((
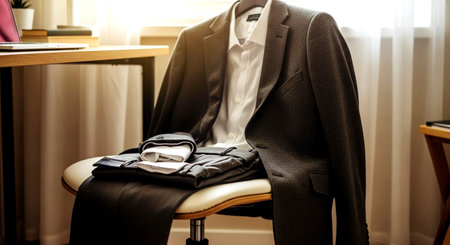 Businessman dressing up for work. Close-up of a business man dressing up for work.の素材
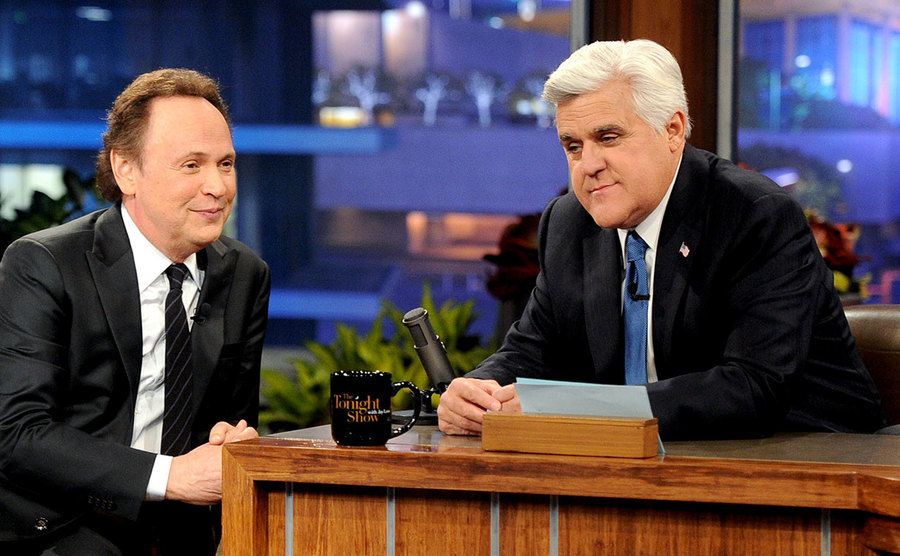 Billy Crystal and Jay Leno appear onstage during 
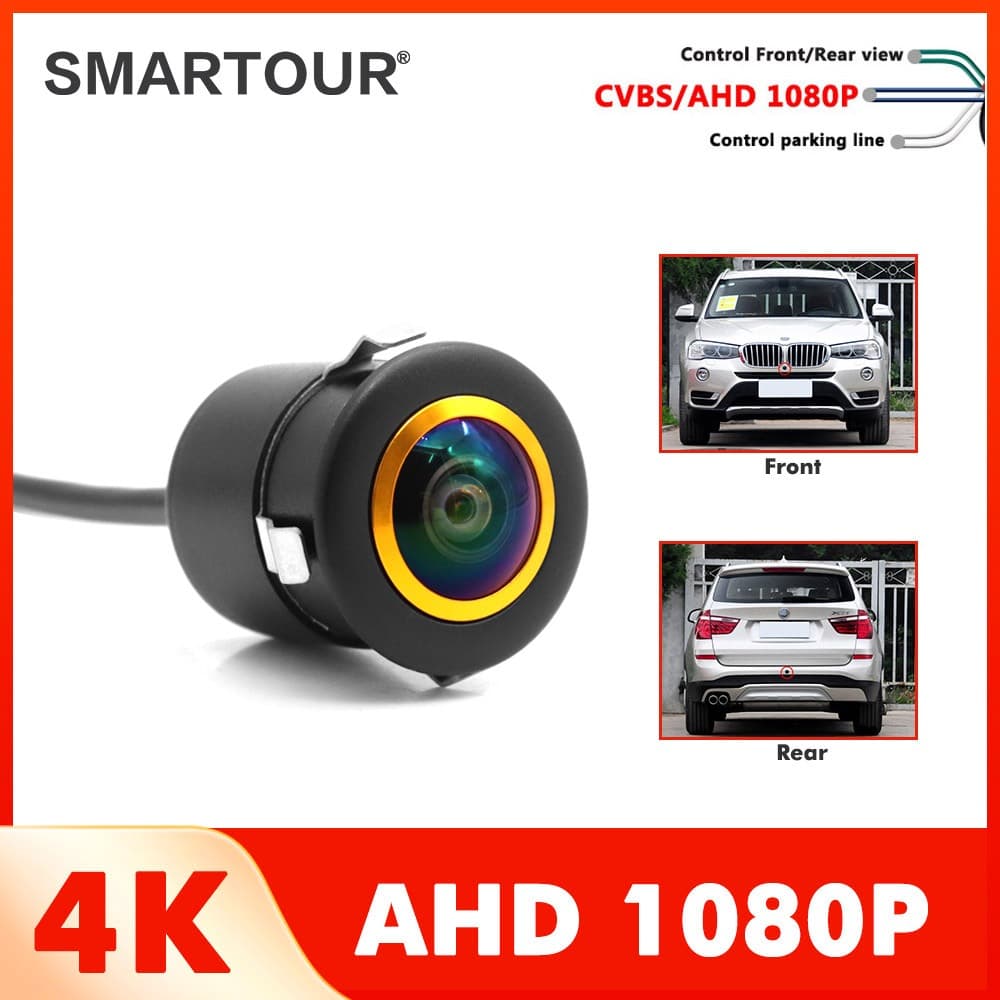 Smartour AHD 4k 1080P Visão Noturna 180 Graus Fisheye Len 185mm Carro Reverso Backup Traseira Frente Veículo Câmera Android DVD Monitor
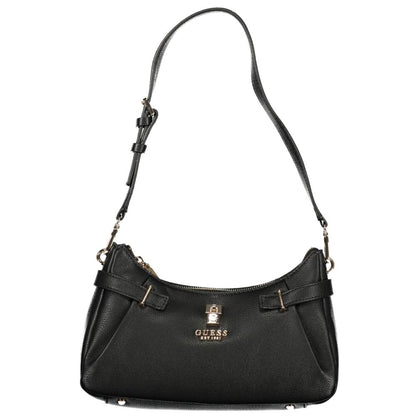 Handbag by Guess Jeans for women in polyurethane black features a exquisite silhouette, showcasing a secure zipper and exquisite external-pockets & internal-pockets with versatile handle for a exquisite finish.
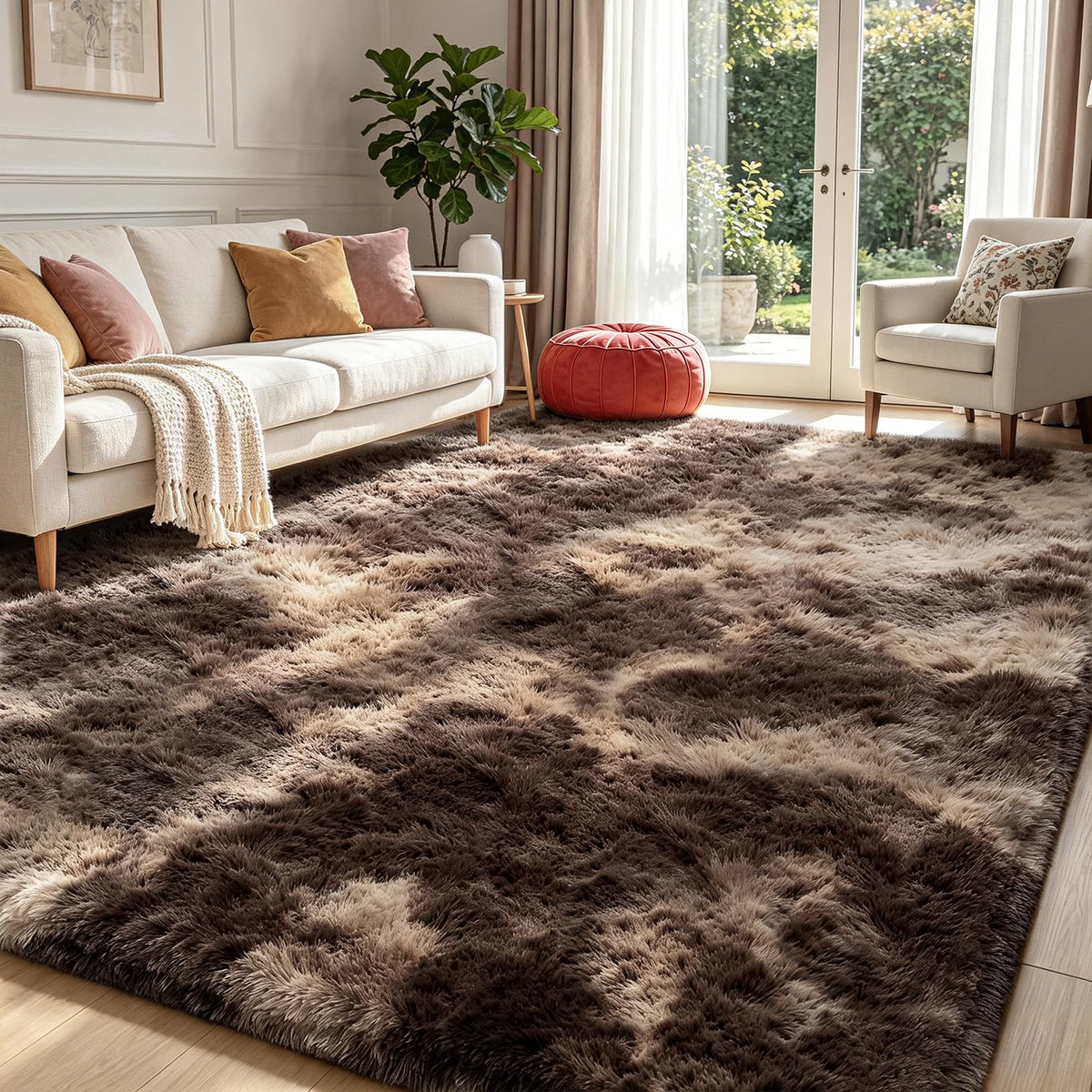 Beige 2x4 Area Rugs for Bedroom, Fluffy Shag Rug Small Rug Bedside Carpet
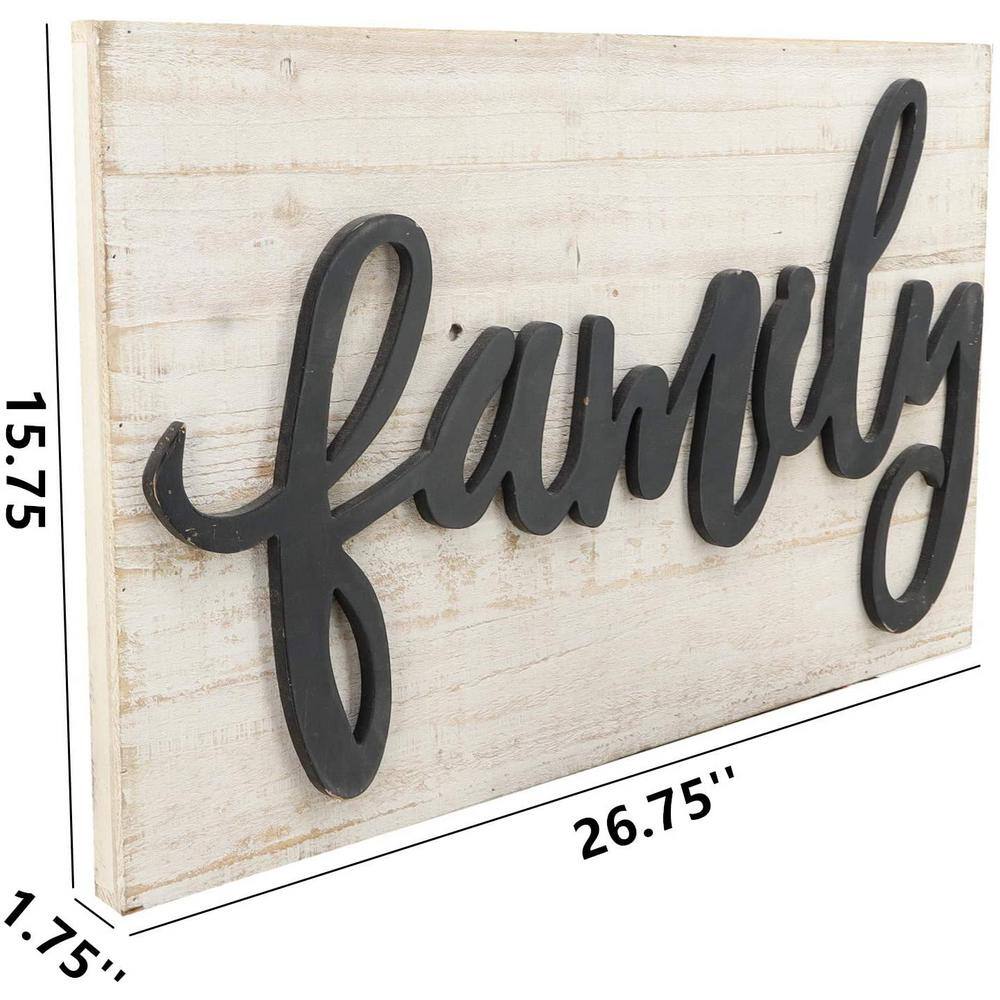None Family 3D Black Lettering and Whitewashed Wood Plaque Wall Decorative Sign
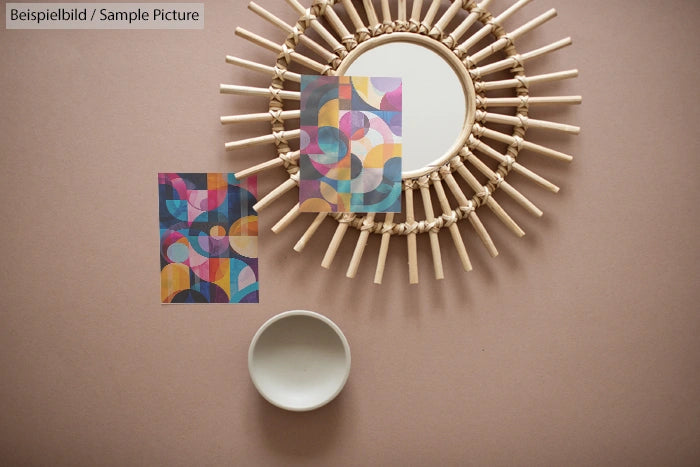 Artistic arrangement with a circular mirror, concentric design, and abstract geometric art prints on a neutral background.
))
# [What is required]
Output the records above exactly as they are, leaving out the pictures.

# [Response to the task]
 Businessman dressing up for work. Close-up of a business man dressing up for work.の素材
 Billy Crystal and Jay Leno appear onstage during 
 Smartour AHD 4k 1080P Visão Noturna 180 Graus Fisheye Len 185mm Carro Reverso Backup Traseira Frente Veículo Câmera Android DVD Monitor
 Handbag by Guess Jeans for women in polyurethane black features a exquisite silhouette, showcasing a secure zipper and exquisite external-pockets & internal-pockets with versatile handle for a exquisite finish.
 Beige 2x4 Area Rugs for Bedroom, Fluffy Shag Rug Small Rug Bedside Carpet
None Family 3D Black Lettering and Whitewashed Wood Plaque Wall Decorative Sign
 Artistic arrangement with a circular mirror, concentric design, and abstract geometric art prints on a neutral background.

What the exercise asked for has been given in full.